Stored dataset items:
<<<<

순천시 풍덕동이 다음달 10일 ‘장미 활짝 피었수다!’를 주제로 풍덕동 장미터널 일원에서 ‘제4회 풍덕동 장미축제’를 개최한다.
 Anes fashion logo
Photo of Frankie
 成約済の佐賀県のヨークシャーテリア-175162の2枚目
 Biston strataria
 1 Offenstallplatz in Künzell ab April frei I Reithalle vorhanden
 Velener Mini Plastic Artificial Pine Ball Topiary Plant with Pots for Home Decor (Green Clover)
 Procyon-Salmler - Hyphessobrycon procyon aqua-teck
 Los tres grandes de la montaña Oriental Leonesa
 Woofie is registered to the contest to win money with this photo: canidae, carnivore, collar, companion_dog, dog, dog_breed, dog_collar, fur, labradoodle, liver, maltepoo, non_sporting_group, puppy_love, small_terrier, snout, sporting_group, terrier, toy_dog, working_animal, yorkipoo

>>>>

Whenever a line above includes "with", copy it in full.

 Velener Mini Plastic Artificial Pine Ball Topiary Plant with Pots for Home Decor (Green Clover)
 Woofie is registered to the contest to win money with this photo: canidae, carnivore, collar, companion_dog, dog, dog_breed, dog_collar, fur, labradoodle, liver, maltepoo, non_sporting_group, puppy_love, small_terrier, snout, sporting_group, terrier, toy_dog, working_animal, yorkipoo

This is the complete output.